Hearing looks at impact to successful, ongoing state management in relation to federal sage grouse programs.

June 29, 2016

3 Min Read
Senate looks at federal sage grouse management

The Senate energy and natural resources subcommittee on public lands, forests and mining held an oversight hearing Tuesday on federal sage grouse plans and their impact on the successful, ongoing state management of the species.

In his opening statement, subcommittee chairman John Barrasso (R., Wyo.) said whether talking about the Bureau of Land Management’s (BLM) planning success or sage grouse conservation across the 11 western states, “there is significant opposition on the ground to federal action that advocates broad, sweeping policy direction mandated by Washington,” he said. “These one-size-fits-all policies cripple public access to public lands and disenfranchise those who have a vested interest in healthy resources.”

Barrasso added, “The use of best science that reflects true habitat is good for wildlife, recreationalists, livestock and other land users, as well as sage grouse.”

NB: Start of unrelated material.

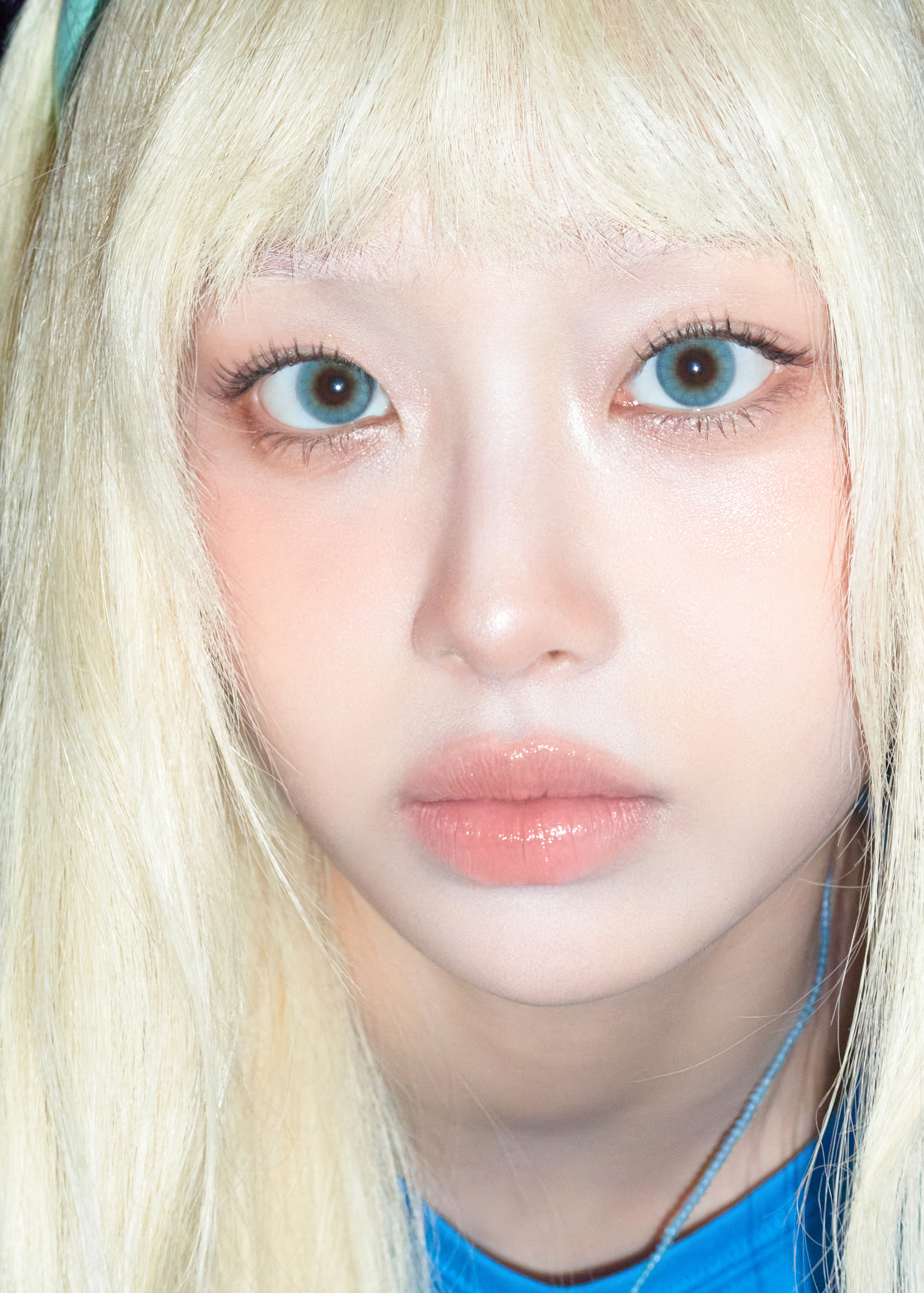 노란 수영복에 섹시한 몸매 어필하는 존예 처자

Brenda Richards, an Owyhee County, Ida., rancher and president of the Public Lands Council, testified on behalf of the council and the National Cattlemen’s Beef Assn. that any federal management plan must first recognize the essential contribution of grazing to conservation.

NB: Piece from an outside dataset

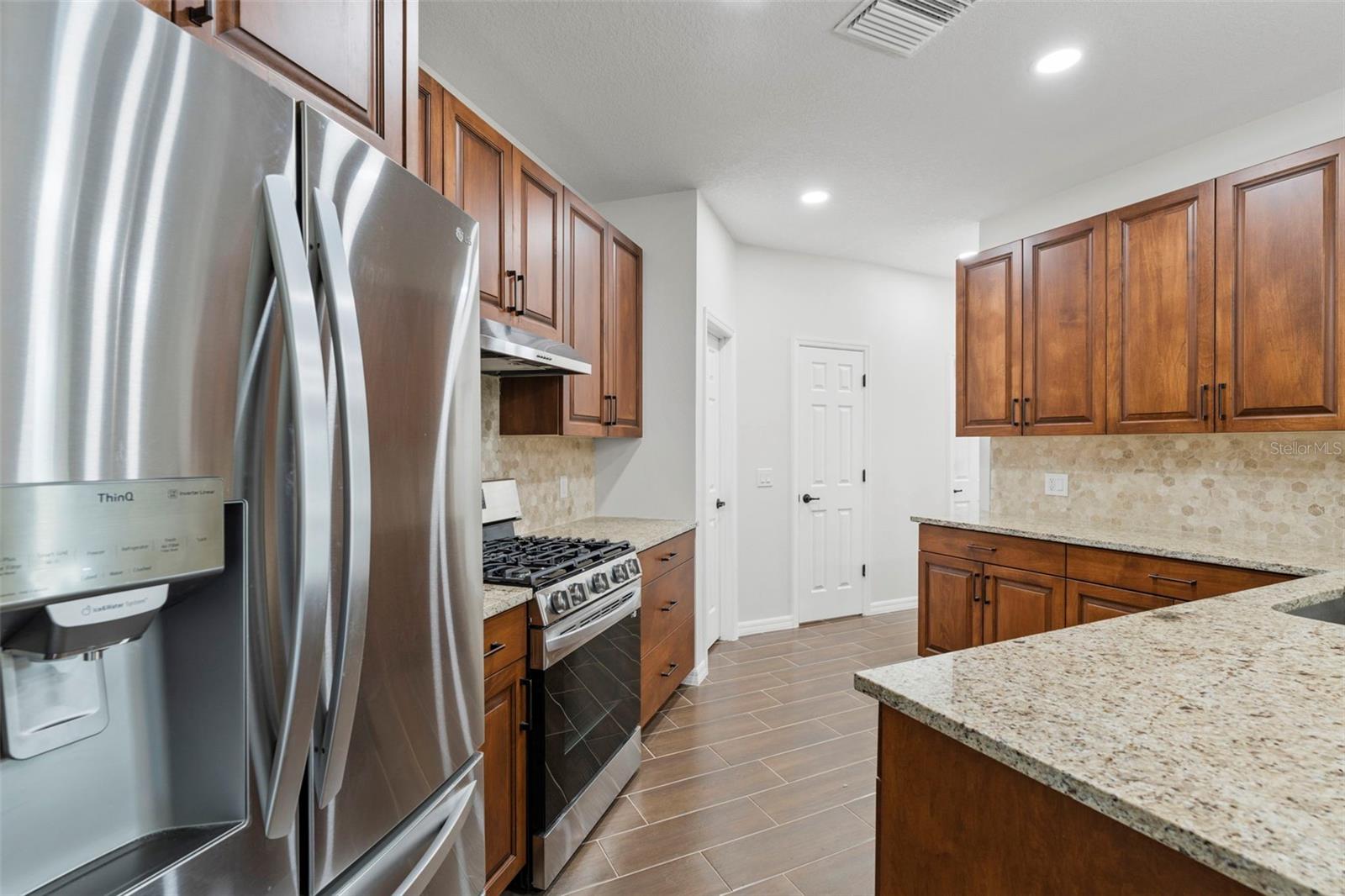O6337967 Property Photo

“Ranchers across the west have a vested interest not just in the health of their livestock but in the rangelands that support their herds and the wildlife that thrive alongside them,” Richards said. “The businesses they operate form the economic nucleus of many rural communities, providing jobs and opportunities where they wouldn’t exist otherwise. Additionally, ranchers often serve as first responders in emergency situations across vast, remote stretches of unoccupied federal lands. Simply put, public lands ranchers are an essential element of strong communities, healthy economies and productive rangelands across the West.”

Roughly 22,000 ranchers steward approximately 250 million acres of federal land and 140 million acres of adjacent private land all across the West. With as much as 80% of productive sage grouse habitat on private lands adjacent to federal permit ground, this makes private partnership essential in increasing sage grouse numbers. However, concern remains that BLM is ignoring local stakeholder input.

“Items such as focal areas, mandatory stubble height requirements and withdrawals of permits impose radically severe and unnecessary management restrictions on this vast area in opposition to proven strategies,” Richards said. “Rather than embracing grazing as a resource and tool for conservation benefit, these plan amendments impose arbitrary restrictions to satisfy requirements for newly minted objectives such as focal areas and net conservation benefit. Wildfire, invasive species and infrastructure are the major threats to sage grouse habitat, and they are all most effectively managed through grazing.”

According to the latest data from the Western Association of Fish & Wildlife Agencies reported in the August 2015 "Greater Sage Grouse Population Trends: An Analysis of Lek Count Databases 1965-2015," the number of male grouse counted on leks range-wide went from 43,397 in 2013 to 80,284 in 2015. That’s a 63% increase in the past two years and contributes to a minimum breeding population of 424,645 birds, which does not include grouse populations on unknown leks.

“The results of these voluntary, local conservation efforts around the West are undeniable: Habitat is being preserved, and the sage grouse populations are responding,” Richards said. “Proper grazing specifically addresses the biggest threats to sage grouse habitat, while reduced grazing allows these threats to compound. To arbitrarily restrict grazing when it’s needed most is a recipe for failure. Local input and decades of successful, collaborative conservation efforts must be the starting point for future federal involvement, not an afterthought, as it is now being treated.”

Public lands ranchers encourage the BLM and federal agencies to work with them to continue to conserve and protect sage grouse habitat.